Whilst I have found some of Atwood’s work a little hit and miss in the past, I was very much looking forward to engrossing myself in this, an incredibly appealing-sounding historical novel. Of all her works, the thread of story within Alias Grace is the one which captured my attention the most.
Alias Grace was shortlisted for both the Man Booker Prize and the Orange Prize, and was the recipient of the Canadian Giller Prize. The novel has received wondrous acclaim from reviewers since its publication in 1996. It centres around the true story of Grace Marks, a servant who was arrested for her ‘cold-blooded’ part in two notorious murders in July 1843, at the age of sixteen. Thomas Kinnear, a wealthy farmer in Ontario, and his housekeeper-cum-mistress, Nancy Montgomery, were shot and strangled respectively. Grace’s co-worker and accomplice, a twenty-year-old stable hand named James McDermott, was hung for his part in proceedings. Grace, on account of her sex and young age, was committed to an asylum in Kingston, Ontario, where she remained for thirty years.

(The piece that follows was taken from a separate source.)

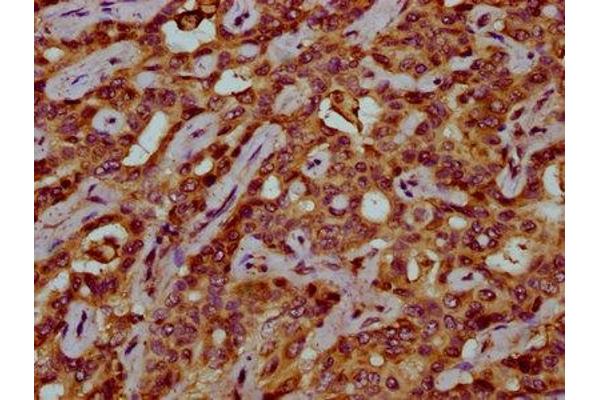 VKORC1 antibody  (AA 30-74)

Atwood is masterful at using a variety of different techniques to set the scene throughout. As well as the story told in Grace’s own words – or, at least, Atwood’s imagining of them – we also have a narrative based upon a fictional doctor named Simon Jordan, who is researching Grace’s case. Materials such as newspaper articles and poems have also been used to further shape the historical context.
Alias Grace is beautifully written. Grace’s voice particularly has been incredibly tautly crafted, and Atwood’s portrayal of her feels realistic from the very beginning: ‘Sometimes at night I whisper it over to myself: murderess, murderess. It rustles, like a taffeta skirt across the floor. Murderer is merely brutal. It’s like a hammer, a lump of metal. I would rather be a murderess than a murderer, if those are the only choices’. Grace is a captivating protagonist; although we know from the first what she has been convicted of, an awful lot of sympathy is soon created for her on behalf of the reader. Atwood is empathetic towards her young character, and makes her come to life once more upon the page.
Whilst I didn’t adore Alias Grace, it is certainly an incredibly well-crafted – and even quite moving – novel, and it is my favourite of Atwood’s books to date. I particularly admired the way in which she tied so many historical elements together – the use of historical quilt designs and foodstuffs, for example. Alias Grace, despite its length, is a gripping and fast-moving novel, which is sure to appeal to any reader with an interest in crime or general historical fiction.